La Corte d’Appello rigetta il ricorso aziendale
L’azienda ha presentato ricorso alla Corte d’Appello di Milano, contestando la decisione del Tribunale. Tuttavia, il 27 febbraio 2025, la Corte ha confermato la sentenza di primo grado, ordinando nuovamente il reintegro e condannando l’azienda al pagamento delle spese legali e procedurali.
«Siamo soddisfatti dell’esito della vertenza e della rapidità della giustizia – ha dichiarato Angelo Re, segretario Uilm –. Il reintegro del lavoratore è una vittoria per tutti, perché rappresenta una tutela fondamentale dell’attività sindacale».
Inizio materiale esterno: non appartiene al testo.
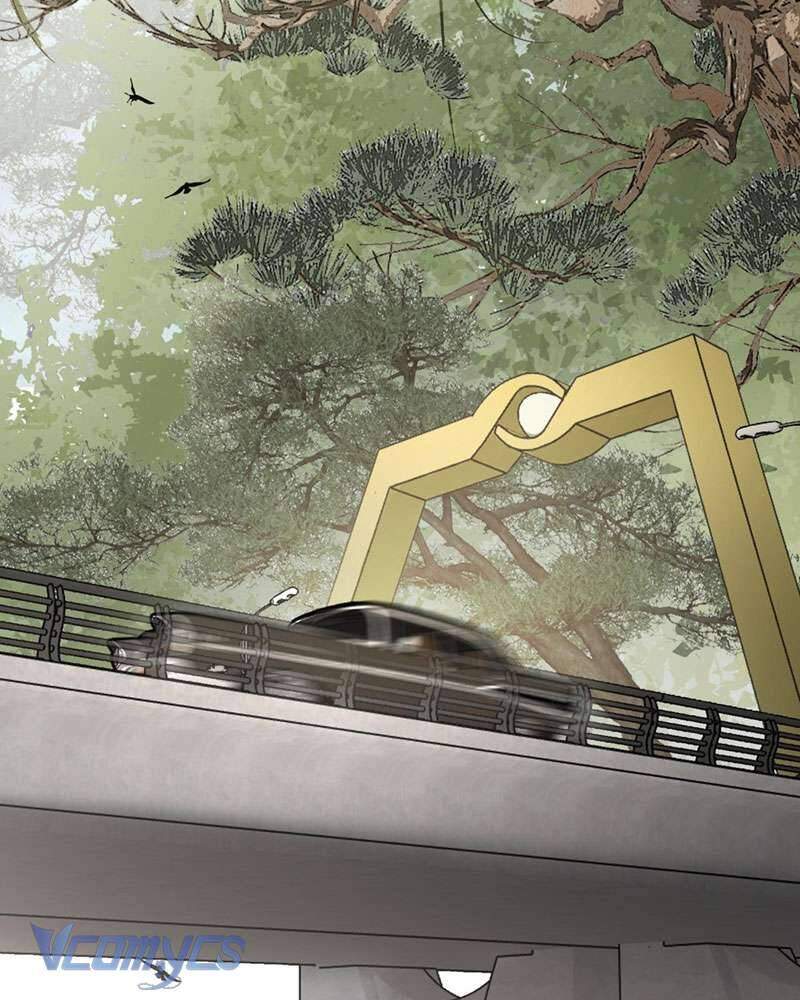 Ác Chi Hoàn Chapter 19 - Trang 2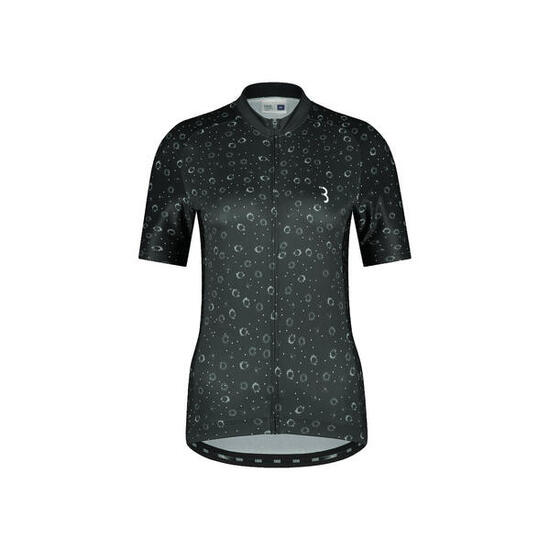 Maillot été femme BBB Cycling DonnaFit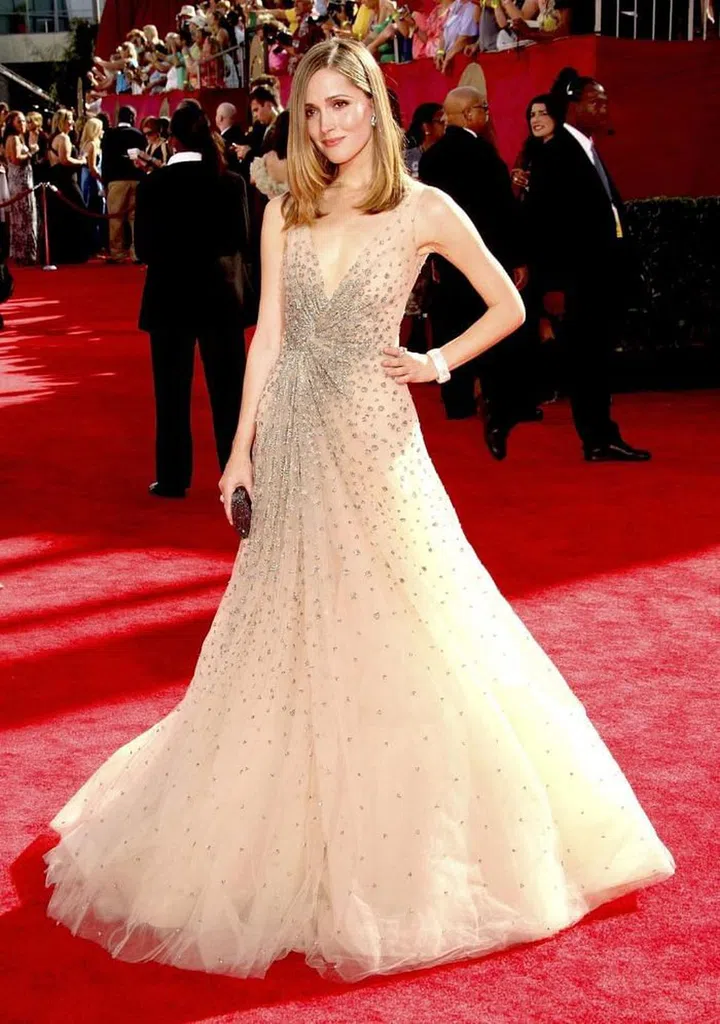 Photo: Getty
Cosa dice la legge sul licenziamento di un rappresentante sindacale?
Lo Statuto dei Lavoratori (Legge 300/1970) tutela i sindacalisti da licenziamenti arbitrari. L’articolo 18 prevede che, in caso di licenziamento illegittimo di un rappresentante sindacale, il giudice possa disporre il reintegro sul posto di lavoro e il risarcimento del danno.
Questa sentenza conferma che l’attività sindacale è un diritto e che il licenziamento di un rappresentante per motivi pretestuosi non è consentito dalla legge.
Lo Statuto dei Lavoratori stabilisce anche che, se il datore di lavoro non esegue la sentenza prevista – qualora questa non sia stata impugnata o sia stata confermata dal giudice che l’ha emessa – è tenuto a versare, per ogni giorno di ritardo, un importo equivalente alla retribuzione spettante al lavoratore, a favore del Fondo adeguamento pensioni.